In a survey of 45 patients, the mean patient satisfaction score for postoperative appearance was 4.1 (±0.8; on a scale from 1 [very dissatisfied] to 5 [extremely satisfied]) at 54-month follow-up. The patients rated their self-esteem preoperatively as 6.3 (±1.2). This score improved to 7.9 (±0.8) after the procedure (on a scale from 1 [very dissatisfied] to 10 [extremely satisfied]; mean follow-up 54 months). When asked if they would have the operation again, the mean patient score was 9.1 (on a scale from 0 [no] to 10 [yes]).

2.3.3

In a survey of 43 patients who had either the Nuss procedure or the Ravitch procedure, there were no reported differences in health-related quality of life (assessed using the Child Health Questionnaire) or in physical and psychosocial quality of life (assessed using the Pectus Excavatum Evaluation Questionnaire) between the groups (mean follow-up 16 months).

2.3.4

The Specialist Advisers listed the key efficacy outcomes as cosmetic appearance and patient satisfaction.

2.4 Safety

2.4.1

In 2 case series of 167 and 172 patients, each reported 1 case of intraoperative liver perforation. In 2 case series of 167 and 322 patients, each reported 1 case of intraoperative cardiac perforation.
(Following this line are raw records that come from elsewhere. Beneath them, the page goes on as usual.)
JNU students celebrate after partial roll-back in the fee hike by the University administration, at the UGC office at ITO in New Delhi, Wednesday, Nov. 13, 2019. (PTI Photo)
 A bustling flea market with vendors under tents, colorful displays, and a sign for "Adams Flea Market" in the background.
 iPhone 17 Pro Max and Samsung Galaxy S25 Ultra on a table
A case report described cardiac injury during surgery in all 4 patients resulting in 1 death.

2.4.2

The case series of 167 patients reported 15 cases of intraoperative rupture of the intercostal muscles (in older patients), 10 cases of haemothorax or haematopneumothorax and 7 cases of minor pericardial tears (follow-up not stated).

2.4.3

Data from the UK register reported perioperative adverse events in 9% (24 of 260) of patients and postoperative adverse events in 19% (49 of 260) of patients (follow-up 4 to 2477 days).

2.4.4

In 3 case series, bar displacements required surgical revision in 7% (50 of 668), 3% (11 of 322) and 2% (3 of 167) of patients, respectively (follow-up not stated).

2.4.5

In 4 case series and the UK register, pneumothorax occurred in 55% (369 of 668), 7% (24 of 322), 3% (5 of 172), 9% (15 of 167) and 2% (6 of 260) of patients, respectively.

2.4.6

The studies of 668, 322 and 172 patients reported pneumonia in 7, 3 and 3 patients; and pleural effusion in 5, 8 and 3 patients, respectively (follow-up not stated). The studies of 322 and 172 patients and the UK register data for 260 patients reported pericardial effusion in 8, 1 and 1 patients, respectively (timing of events not stated). In the study of 668 patients, pericarditis was reported in 6 patients (timing of event not stated). The UK register reported 1 case of perioperative lower lobe collapse and 1 case of persistent air leak.

2.4.7

The retrospective case series of 863 patients reported metal allergies in 2% (19 of 863) of patients.

2.4.8

The Specialist Advisers listed adverse events as injury to the lungs, heart, mammary artery and liver; pericarditis; pericardial effusion; bar migration; pleural effusion; pneumothorax; haemothorax; infection; osteochondrodystrophy; pain; metal allergy; and anaesthetic complications.